Think of insurance – the idea of it is lovely. If we all chip in a little at a time, we’ll be there for each other next time something goes wrong for one of us.
And yet, I bet the last time you had to deal with an insurance claim, you didn’t think to yourself, “this is a lovely idea!”
Today, leaders in many organizations are getting great ideas around how to improve customer experience, but they are executing those ideas through ways focused on process and data instead of good ol’ common sense. Large organizations have large goals that require robust data and structure. I get it! But some of this is getting ridiculous. Is your organization guilty?
To improve customer experience, you have to break some strong habits.
Because we can stop doing these things. We really can!
1. Stop gathering feedback to prove something you already know.
I’ve seen this time after time. Leaders are still people, so there are times we just know when something isn’t working for customers.
Sometimes we’re not feeling right about how we’re treating them, or we are just falling behind our competition. We know it and say it. We have meetings about it.

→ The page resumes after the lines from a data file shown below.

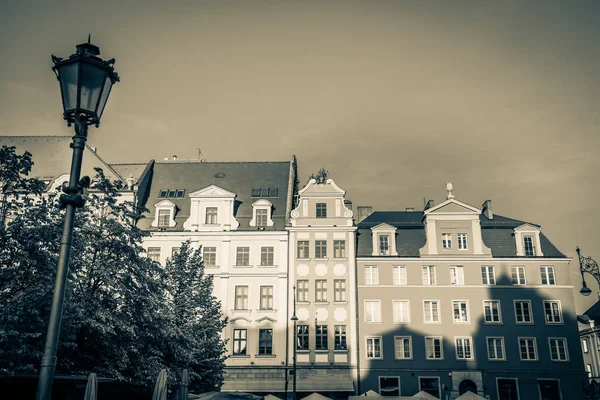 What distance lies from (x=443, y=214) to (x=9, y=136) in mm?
38676

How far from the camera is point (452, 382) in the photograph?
138 feet

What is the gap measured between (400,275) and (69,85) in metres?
40.5

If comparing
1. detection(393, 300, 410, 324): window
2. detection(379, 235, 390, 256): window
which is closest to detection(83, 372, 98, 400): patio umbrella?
detection(393, 300, 410, 324): window

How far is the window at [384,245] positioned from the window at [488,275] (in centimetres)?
771

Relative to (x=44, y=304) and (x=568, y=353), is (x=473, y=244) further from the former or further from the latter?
(x=44, y=304)

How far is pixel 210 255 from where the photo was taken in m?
44.8

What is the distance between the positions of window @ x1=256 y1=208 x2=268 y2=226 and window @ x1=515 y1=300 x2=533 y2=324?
21.1 meters

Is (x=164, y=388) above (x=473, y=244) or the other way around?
the other way around

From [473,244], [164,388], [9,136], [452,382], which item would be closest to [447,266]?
[473,244]

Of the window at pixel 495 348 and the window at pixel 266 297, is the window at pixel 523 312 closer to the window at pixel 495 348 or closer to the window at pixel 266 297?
the window at pixel 495 348

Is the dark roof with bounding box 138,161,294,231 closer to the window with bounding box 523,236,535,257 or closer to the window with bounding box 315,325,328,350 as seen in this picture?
the window with bounding box 315,325,328,350

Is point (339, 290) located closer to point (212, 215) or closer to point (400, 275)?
point (400, 275)

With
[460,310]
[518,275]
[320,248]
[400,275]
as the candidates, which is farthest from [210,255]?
[518,275]

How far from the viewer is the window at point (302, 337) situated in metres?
42.8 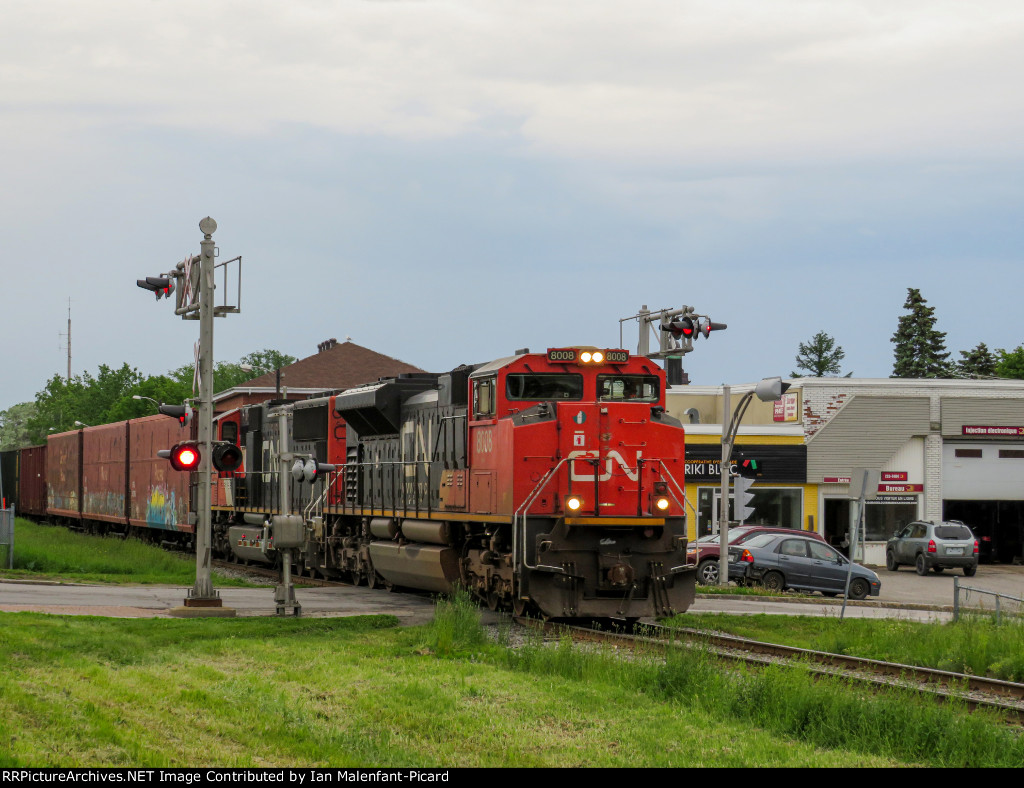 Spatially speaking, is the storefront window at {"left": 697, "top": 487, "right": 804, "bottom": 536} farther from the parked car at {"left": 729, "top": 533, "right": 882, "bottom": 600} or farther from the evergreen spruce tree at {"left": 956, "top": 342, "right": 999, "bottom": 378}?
the evergreen spruce tree at {"left": 956, "top": 342, "right": 999, "bottom": 378}

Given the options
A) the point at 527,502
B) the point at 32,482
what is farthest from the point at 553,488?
the point at 32,482

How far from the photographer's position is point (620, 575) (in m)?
16.9

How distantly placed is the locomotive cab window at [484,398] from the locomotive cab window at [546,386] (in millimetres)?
410

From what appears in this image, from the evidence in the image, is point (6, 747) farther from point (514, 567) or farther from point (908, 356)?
point (908, 356)

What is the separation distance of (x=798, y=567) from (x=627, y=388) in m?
12.7

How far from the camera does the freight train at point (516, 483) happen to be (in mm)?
17094

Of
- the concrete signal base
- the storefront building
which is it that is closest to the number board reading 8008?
the concrete signal base

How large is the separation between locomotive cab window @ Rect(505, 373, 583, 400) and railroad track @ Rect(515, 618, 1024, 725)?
3257 millimetres

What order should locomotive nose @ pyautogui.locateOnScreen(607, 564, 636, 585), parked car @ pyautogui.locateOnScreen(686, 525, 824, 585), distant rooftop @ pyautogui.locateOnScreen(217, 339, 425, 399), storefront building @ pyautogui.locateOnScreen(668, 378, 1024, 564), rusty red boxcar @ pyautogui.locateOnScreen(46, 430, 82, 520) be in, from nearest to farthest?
locomotive nose @ pyautogui.locateOnScreen(607, 564, 636, 585)
parked car @ pyautogui.locateOnScreen(686, 525, 824, 585)
storefront building @ pyautogui.locateOnScreen(668, 378, 1024, 564)
rusty red boxcar @ pyautogui.locateOnScreen(46, 430, 82, 520)
distant rooftop @ pyautogui.locateOnScreen(217, 339, 425, 399)

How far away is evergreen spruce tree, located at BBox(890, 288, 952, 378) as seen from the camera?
91062 millimetres

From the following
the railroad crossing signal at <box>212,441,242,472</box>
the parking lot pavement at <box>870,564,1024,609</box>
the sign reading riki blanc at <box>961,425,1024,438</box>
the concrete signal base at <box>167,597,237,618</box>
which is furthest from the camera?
the sign reading riki blanc at <box>961,425,1024,438</box>

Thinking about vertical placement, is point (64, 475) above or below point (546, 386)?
below

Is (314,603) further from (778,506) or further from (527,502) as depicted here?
(778,506) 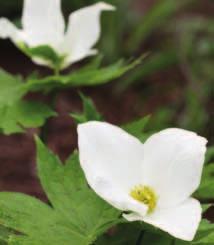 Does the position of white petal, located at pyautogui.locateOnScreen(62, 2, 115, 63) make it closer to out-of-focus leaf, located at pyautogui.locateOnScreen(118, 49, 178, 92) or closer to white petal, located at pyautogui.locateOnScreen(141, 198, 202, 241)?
white petal, located at pyautogui.locateOnScreen(141, 198, 202, 241)

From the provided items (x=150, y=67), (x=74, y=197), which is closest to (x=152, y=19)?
(x=150, y=67)

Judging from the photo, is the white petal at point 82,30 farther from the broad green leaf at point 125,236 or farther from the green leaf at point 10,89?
the broad green leaf at point 125,236

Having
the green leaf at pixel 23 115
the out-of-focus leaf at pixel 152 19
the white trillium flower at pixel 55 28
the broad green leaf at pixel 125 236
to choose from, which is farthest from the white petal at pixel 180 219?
the out-of-focus leaf at pixel 152 19

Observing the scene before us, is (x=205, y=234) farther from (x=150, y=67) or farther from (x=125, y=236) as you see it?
(x=150, y=67)

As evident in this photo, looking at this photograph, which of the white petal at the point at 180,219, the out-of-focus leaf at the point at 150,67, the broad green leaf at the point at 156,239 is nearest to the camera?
the white petal at the point at 180,219

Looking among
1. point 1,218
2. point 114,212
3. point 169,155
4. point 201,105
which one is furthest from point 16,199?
point 201,105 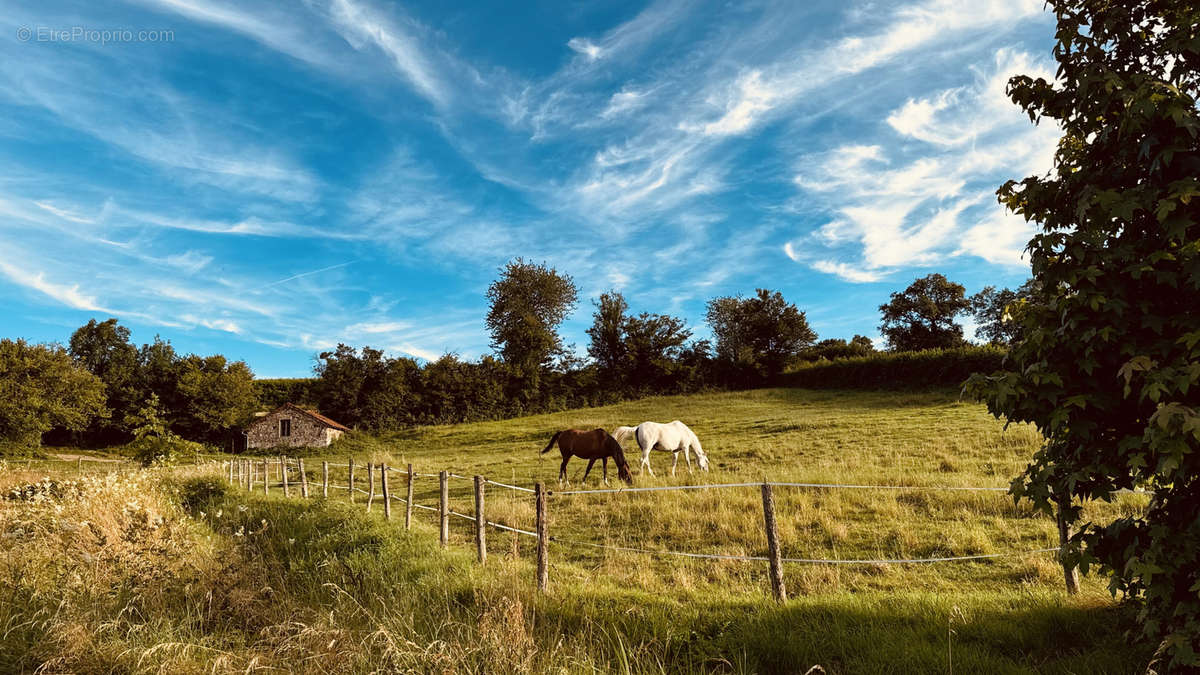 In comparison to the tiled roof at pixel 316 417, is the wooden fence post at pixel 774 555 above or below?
below

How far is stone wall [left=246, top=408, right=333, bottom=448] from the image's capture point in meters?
40.6

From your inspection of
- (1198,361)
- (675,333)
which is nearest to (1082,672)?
(1198,361)

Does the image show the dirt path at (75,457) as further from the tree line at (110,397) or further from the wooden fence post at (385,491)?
the wooden fence post at (385,491)

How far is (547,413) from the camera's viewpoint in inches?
1838

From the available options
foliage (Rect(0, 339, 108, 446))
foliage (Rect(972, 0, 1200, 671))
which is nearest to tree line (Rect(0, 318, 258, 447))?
foliage (Rect(0, 339, 108, 446))

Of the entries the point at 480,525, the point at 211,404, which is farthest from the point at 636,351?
the point at 480,525

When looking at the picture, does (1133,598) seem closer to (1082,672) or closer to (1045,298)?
(1082,672)

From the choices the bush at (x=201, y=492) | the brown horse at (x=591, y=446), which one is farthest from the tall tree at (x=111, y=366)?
the brown horse at (x=591, y=446)

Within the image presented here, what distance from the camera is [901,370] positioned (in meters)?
43.5

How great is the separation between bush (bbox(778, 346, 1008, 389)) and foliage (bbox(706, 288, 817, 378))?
434 cm

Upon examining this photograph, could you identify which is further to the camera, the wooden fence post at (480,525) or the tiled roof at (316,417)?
the tiled roof at (316,417)

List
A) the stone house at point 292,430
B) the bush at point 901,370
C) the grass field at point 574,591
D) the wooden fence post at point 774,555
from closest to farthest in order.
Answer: the grass field at point 574,591 → the wooden fence post at point 774,555 → the bush at point 901,370 → the stone house at point 292,430

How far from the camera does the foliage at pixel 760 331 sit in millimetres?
54938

And then instead of just changing something for the better, we send out surveys to dozens or thousands to ask “you hate this, right?” Why wait to improve customer experience in places we know are lacking?
2. Stop having territorial wars within your organization.

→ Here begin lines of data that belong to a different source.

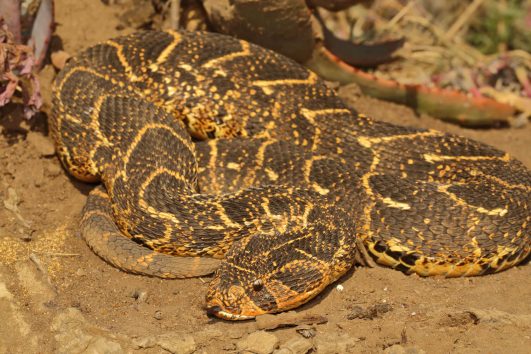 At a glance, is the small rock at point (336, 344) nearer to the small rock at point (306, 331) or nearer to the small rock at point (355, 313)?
the small rock at point (306, 331)

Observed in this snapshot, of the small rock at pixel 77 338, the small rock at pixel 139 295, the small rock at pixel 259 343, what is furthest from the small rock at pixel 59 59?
the small rock at pixel 259 343

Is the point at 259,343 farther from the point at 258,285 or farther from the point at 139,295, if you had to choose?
the point at 139,295

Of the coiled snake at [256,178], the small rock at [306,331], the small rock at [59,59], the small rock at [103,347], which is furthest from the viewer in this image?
the small rock at [59,59]

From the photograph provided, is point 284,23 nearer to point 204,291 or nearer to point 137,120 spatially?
point 137,120

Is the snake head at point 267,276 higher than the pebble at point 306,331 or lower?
higher

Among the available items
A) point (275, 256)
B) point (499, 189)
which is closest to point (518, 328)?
point (499, 189)

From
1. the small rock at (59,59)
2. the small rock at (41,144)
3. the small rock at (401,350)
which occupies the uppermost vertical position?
the small rock at (59,59)

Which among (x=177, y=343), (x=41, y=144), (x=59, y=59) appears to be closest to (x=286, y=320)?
(x=177, y=343) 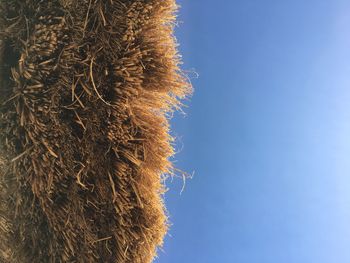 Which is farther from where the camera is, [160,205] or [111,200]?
[160,205]

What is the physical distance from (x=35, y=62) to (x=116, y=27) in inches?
7.3

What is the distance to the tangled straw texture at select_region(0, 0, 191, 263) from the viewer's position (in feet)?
2.88

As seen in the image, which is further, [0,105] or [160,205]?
[160,205]

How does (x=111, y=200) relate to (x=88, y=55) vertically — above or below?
below

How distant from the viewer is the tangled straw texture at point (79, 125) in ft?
2.88

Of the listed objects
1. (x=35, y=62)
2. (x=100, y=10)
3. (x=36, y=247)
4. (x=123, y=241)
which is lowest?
(x=36, y=247)

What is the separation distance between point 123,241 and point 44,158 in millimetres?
267

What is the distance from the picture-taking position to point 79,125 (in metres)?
0.92

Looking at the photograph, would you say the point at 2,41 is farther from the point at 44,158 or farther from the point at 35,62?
the point at 44,158

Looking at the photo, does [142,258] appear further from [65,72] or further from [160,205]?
[65,72]

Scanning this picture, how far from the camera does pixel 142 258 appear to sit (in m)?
1.04

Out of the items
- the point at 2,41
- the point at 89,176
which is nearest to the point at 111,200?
the point at 89,176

It’s impossible to lead a team to a victory if the leaders are racing to see who will break the ribbon first.
Define roles and departments with crossover and collaboration encouraged. Don’t make leaders feel like they are competing if they are all aiming for the same goal. The C-Suite has to model this, yet they have to know they will be rewarded individually for working collaboratively. Too often, that’s not only never said, but actively discouraged.
3. Stop creating a customer journey based on your organization’s structure.

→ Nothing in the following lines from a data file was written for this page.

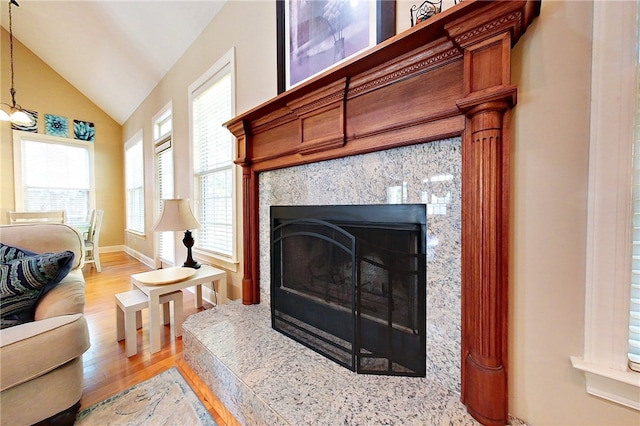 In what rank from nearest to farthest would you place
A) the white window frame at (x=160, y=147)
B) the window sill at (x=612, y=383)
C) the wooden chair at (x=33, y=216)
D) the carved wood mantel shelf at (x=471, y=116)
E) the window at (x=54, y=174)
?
the window sill at (x=612, y=383) < the carved wood mantel shelf at (x=471, y=116) < the wooden chair at (x=33, y=216) < the white window frame at (x=160, y=147) < the window at (x=54, y=174)

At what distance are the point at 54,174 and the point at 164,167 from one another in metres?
3.00

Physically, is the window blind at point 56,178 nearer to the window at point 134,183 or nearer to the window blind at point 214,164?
the window at point 134,183

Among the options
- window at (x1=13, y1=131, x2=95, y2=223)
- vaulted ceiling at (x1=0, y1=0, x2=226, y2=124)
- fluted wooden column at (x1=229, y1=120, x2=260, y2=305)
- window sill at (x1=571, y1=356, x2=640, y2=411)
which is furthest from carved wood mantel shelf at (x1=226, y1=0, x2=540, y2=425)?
window at (x1=13, y1=131, x2=95, y2=223)

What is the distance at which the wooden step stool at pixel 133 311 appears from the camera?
5.56 ft

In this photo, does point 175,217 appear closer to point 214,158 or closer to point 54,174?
point 214,158

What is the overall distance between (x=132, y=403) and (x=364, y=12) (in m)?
2.41

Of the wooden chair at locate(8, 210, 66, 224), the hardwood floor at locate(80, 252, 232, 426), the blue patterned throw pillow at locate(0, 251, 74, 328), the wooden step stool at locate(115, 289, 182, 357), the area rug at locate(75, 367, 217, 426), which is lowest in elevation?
the hardwood floor at locate(80, 252, 232, 426)

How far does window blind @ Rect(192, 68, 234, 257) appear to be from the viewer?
91.2 inches

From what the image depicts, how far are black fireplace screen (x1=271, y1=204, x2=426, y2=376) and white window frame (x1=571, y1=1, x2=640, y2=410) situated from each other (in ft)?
1.60

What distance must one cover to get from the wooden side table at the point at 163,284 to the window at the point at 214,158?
246mm

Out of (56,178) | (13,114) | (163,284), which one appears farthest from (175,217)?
(56,178)

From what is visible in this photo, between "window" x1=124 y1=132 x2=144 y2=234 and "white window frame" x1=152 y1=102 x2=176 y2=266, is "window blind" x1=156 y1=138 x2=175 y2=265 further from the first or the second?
"window" x1=124 y1=132 x2=144 y2=234

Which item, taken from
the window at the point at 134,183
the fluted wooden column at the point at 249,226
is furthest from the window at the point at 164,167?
the fluted wooden column at the point at 249,226

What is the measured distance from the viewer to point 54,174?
4.68 m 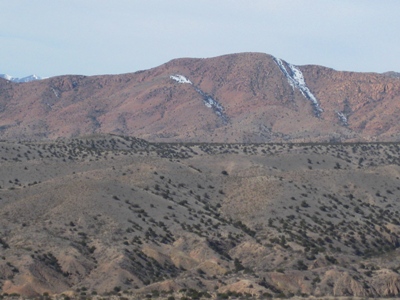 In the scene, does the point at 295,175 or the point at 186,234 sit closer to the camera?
the point at 186,234

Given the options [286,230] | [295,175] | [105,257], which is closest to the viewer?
[105,257]

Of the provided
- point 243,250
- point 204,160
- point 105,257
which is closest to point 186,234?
point 243,250

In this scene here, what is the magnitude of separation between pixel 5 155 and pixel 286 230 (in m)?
53.8

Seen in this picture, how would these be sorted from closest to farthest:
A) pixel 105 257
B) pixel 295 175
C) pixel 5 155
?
pixel 105 257, pixel 295 175, pixel 5 155

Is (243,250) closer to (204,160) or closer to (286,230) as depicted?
(286,230)

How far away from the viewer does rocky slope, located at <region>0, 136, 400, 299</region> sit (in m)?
74.4

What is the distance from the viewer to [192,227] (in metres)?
96.7

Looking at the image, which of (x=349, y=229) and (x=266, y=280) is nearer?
(x=266, y=280)

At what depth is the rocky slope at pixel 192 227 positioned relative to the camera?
244 ft

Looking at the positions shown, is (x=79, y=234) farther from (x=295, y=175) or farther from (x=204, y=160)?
(x=204, y=160)

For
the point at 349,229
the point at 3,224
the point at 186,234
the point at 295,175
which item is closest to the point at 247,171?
the point at 295,175

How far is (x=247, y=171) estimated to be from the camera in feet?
435

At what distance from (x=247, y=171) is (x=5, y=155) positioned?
3373 centimetres

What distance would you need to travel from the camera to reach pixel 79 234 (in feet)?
294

We say things like “we need to ‘educate’ customers about how we work.” We create barriers because our systems don’t talk to each other. And then we say things like “let me connect you with a customer retention specialist” when the customer just has a question.
Your customer should not have to understand your org chart or your annual goals in order to get things accomplished. Create a journey FOR them, not what happens TO them.
Stop creating nightmares.
These 3 things do a lot to damage relationships with customers, and yet they seem to be hard habits to break.
Why don’t we ask each other more questions, and challenge the status quo while we’re at it? Why don’t we put ourselves in the customer’s shoes and consider how when we talk about the “CR Team” they might be thinking, “Who?? WHAT?”
It’s time to shake the cobwebs off the usual and shake it up on behalf of your customers. What question can you ask today to challenge the status quo?